Raquel Martins e Sérgio Aníbal, in Público on-line
Em entrevista ao PÚBLICO, o antigo vice-presidente do Instituto de Segurança Social, Miguel Coelho, defende que o equilíbrio do sistema só é possível se afectar quem já está a receber pensões.
O antigo vice-presidente do Instituto de Segurança Social, Miguel Coelho, defende, em entrevista ao PÚBLICO, que a reforma da Segurança Social não pode passar apenas pelas pensões de velhice e tem de abranger outras prestações sociais para que haja resultados num horizonte de cinco a dez anos.
Professor na Universidade Lusíada, o especialista alerta que o equilíbrio do sistema só é possível se afectar quem já está a receber pensões.
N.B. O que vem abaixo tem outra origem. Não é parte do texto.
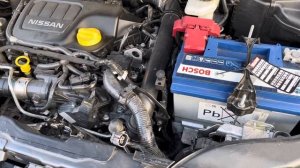 ОТКЛЮЧЕНИЕ Start-Stop за 1 МИНУТУ на Nissan/Renault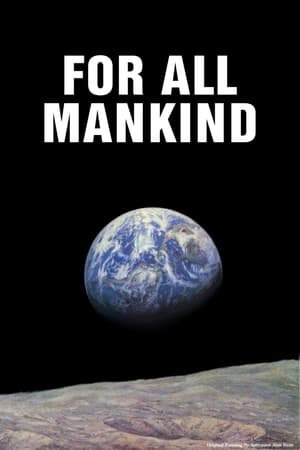 For All Mankind poster 3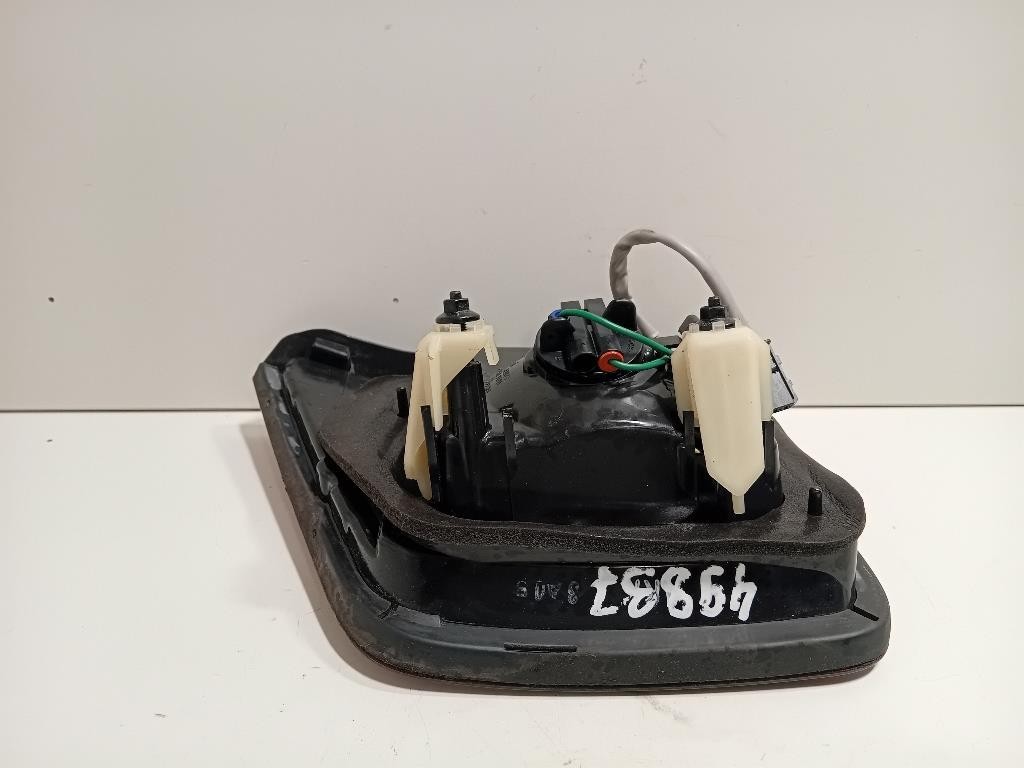 Fanale INF POST SX FANALE INF POST SX Chevrolet Orlando 2011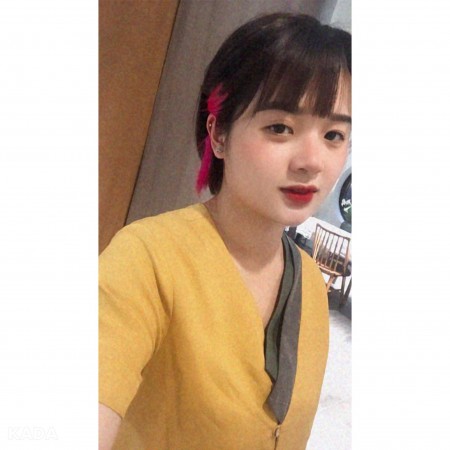 Triệu Mỹ Huyền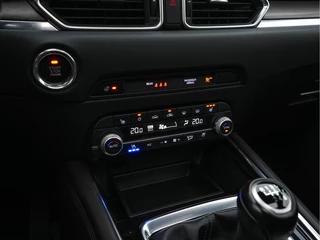 Mazda CX-5 Mazda CX-5 2.0 SkyActiv-G 165 Signature *PANO | LUXURY-LEATHER | BOSE-SOUNDSYSTEM | FULL-LED | ADAPTIVE-CRUISE | MEMORY-PACK |  HEAD-UP | KEYLESS | TOP-VIEW | BLINDSPOT | HEATED/COOLED-COMFORTSEATS | NAVI-FULLMAP | LANE-ASSIST |  . - afbeelding nr 14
No livro que lançou recentemente sobre a situação actual e as perspectivas de reforma, defende que uma reforma depende de um entendimento alargado entre os actores políticos, sob pena de o calendário político se sobrepor aos interesses da população.
No seu livro diz que o peso crescente das despesas sociais no PIB e a incapacidade de reduzir os níveis de desigualdade permitem concluir que o sistema de Segurança Social está esgotado. O problema está no sistema em si ou na forma como a economia e a sociedade têm evoluído?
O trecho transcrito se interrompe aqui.